A Johannesburg resident, who identified herself as Thato, said she had experienced the same brutal treatment at the hands of police in Randburg in 2004 for being “too dark”.
Mboweni’s son, Tumelo, claimed that police officers threatened to arrest and deport him for not having a passport on Saturday. A friend, his mother and younger brother later brought his passport to him and the police released him, according to reports.
Furious about what happened to his son, Mboweni took to Twitter where he said: “I am now g#tvol with the zenophobic police. How many times must my son be arrested for being of dark complexion? Will now abuse my power!”
He added: “… they should arrest all the people in Tzaneen. Darker complexion does not mean non-South African. My foot!! And the white ones?”
Police spokesperson Colonel Noxolo Kweza said she could not comment on the matter, as a report was still being compiled.
SA Human Rights Commission spokesperson Isaac Mangena said the commission had not received any complaints about the incident following the uproar on social networking sites. But he confirmed that the commission was investigating possible xenophobic attacks in Johannesburg, Cape Town and the Eastern Cape.
The country has been plagued by xenophobic attacks, including those in Johannesburg’s Alexandra township in 2008 when 56 immigrants were killed.

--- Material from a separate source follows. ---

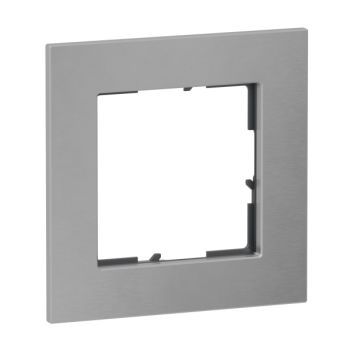 Legrand SEANO Natura 1-f.alu eloxiert Rahmen (766121)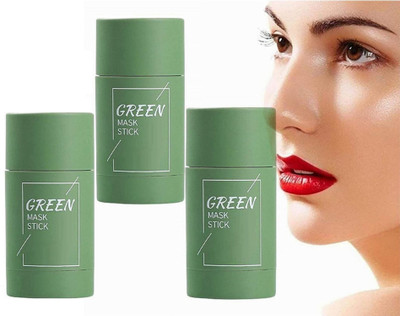 GABBU Smoothing and Cleansing Mask Stick for Face women & men(120 g)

Mozambican embassy representative Jose Nascimento previously told The Citizen that Mozambicans here feel that they are victims of xenophobia, and that this is unjustified. “I feel that xenophobia is a different shade of racism,” he said.
The trial of nine Daveyton police officers accused of murdering Mozambican taxi driver Mido Macia begins on May 26 next year. Macia’s murder was described as an act deriving from “xenophobic tendencies” after the accused allegedly handcuffed and dragged him down a street in February.